# Dandelion leaves salad and mashed nettle



## besherat (Apr 26, 2019)

In my home kitchen, I like to prepare a simply recipes. I am a big supporter of healthy eating, I avoid purchasing any artificial products and I think it's the best way to take what you can find in nature. Today I prepared a salad of dandelion leaf, very healthy for detoxification of the organism in the spring time. I'm so afraid of GMO food, which is all around us.


















Salad is very simple. I picked dandelion leaves from the garden and washed them well. I added a salt and let them stand for a while, to drop the bitter taste that they had, squeezed it and chopped. I added pepper, oil, garlic and wine vinegar and mixed it well. Finally, I added the hard boiled eggs that I already have, because Easter is still here in my country.

I cooked nettle, salted, squeezed and cut up. In the frying pan I warmed up a little oil and added two tablespoons of flour and slowly fry. I added nettles, quickly mixed and poured some milk. I mixed it to the desired density and added a garlic in it.


----------



## maryb (Mar 21, 2008)

The two main spring foraging foods around me!
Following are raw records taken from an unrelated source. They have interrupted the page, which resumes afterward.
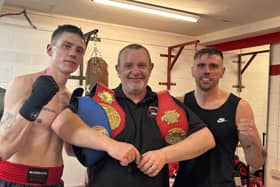 A very proud owner and trainer Ian Nolan with his champion ship fighters Liam Burke and Johnny Lowe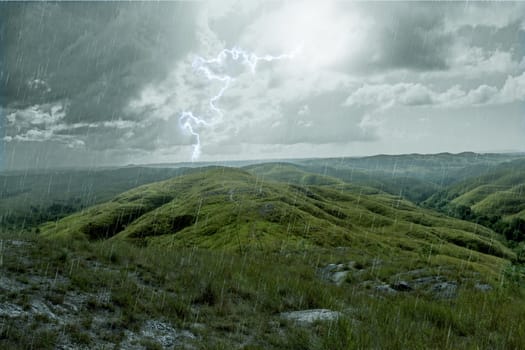 Thunder and lightnings during the rain on the green field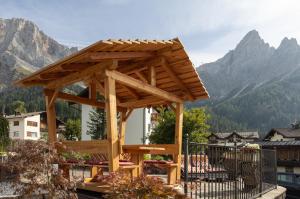 a wooden pergola with a view of mountains at Hotel Panorama in San Martino di Castrozza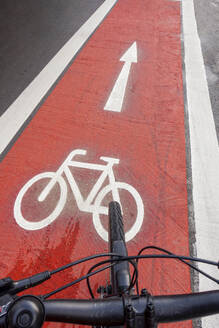 Germany, Bavaria, Munich, Bicycle moving along red bicycle lane - MAMF02487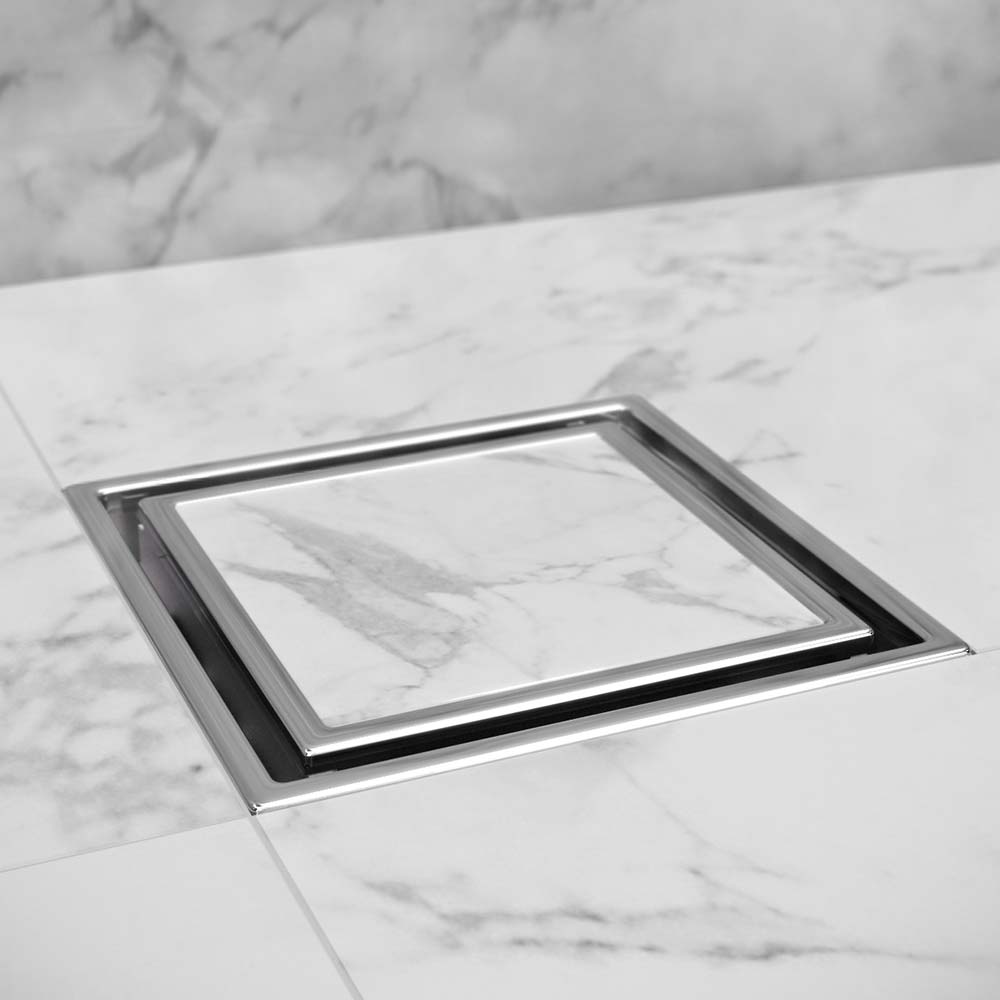 QM Drain Lagos Veil Tile-In Square Drain, featuring a sleek stainless-steel channel with a concealed grate design. This drain offers efficient water drainage, seamless integration with tile floors, and a modern minimalist aesthetic, perfect for luxury shower and bathroom installations.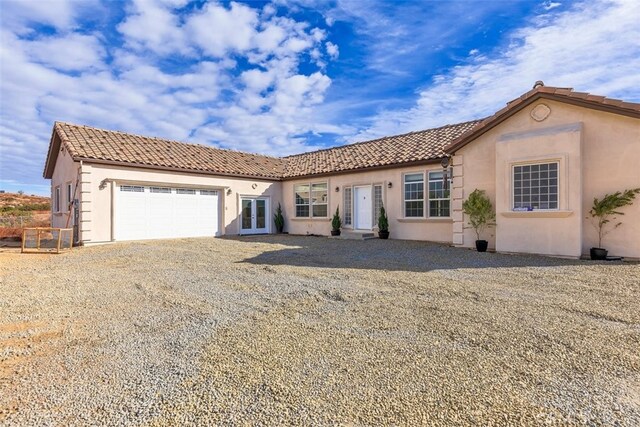 38752 Ruth Rd, Hemet, CA 92544 - mediterranean / spanish-style home with french doors, an attached garage, stucco siding, a tiled roof, and gravel driveway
Nettle MUST be cooked to remove the component that makes your skin burn!


----------



## besherat (Apr 26, 2019)

Maryb,thank you for response. Yes, all of us can see nettle and dandelion leaves around. That's the reason, why I post this simple, but wonderful recipe. Many of us see it, but don't used it and it's a big mistake to miss all those precious things that nature gives us.


----------



## maryb (Mar 21, 2008)

I make a hot bacon dressing for dandelion salad. Good pairing!


----------



## besherat (Apr 26, 2019)

maryb said:


> I make a hot bacon dressing for dandelion salad. Good pairing!


I believe it has eased the bitterness that this salad has.


----------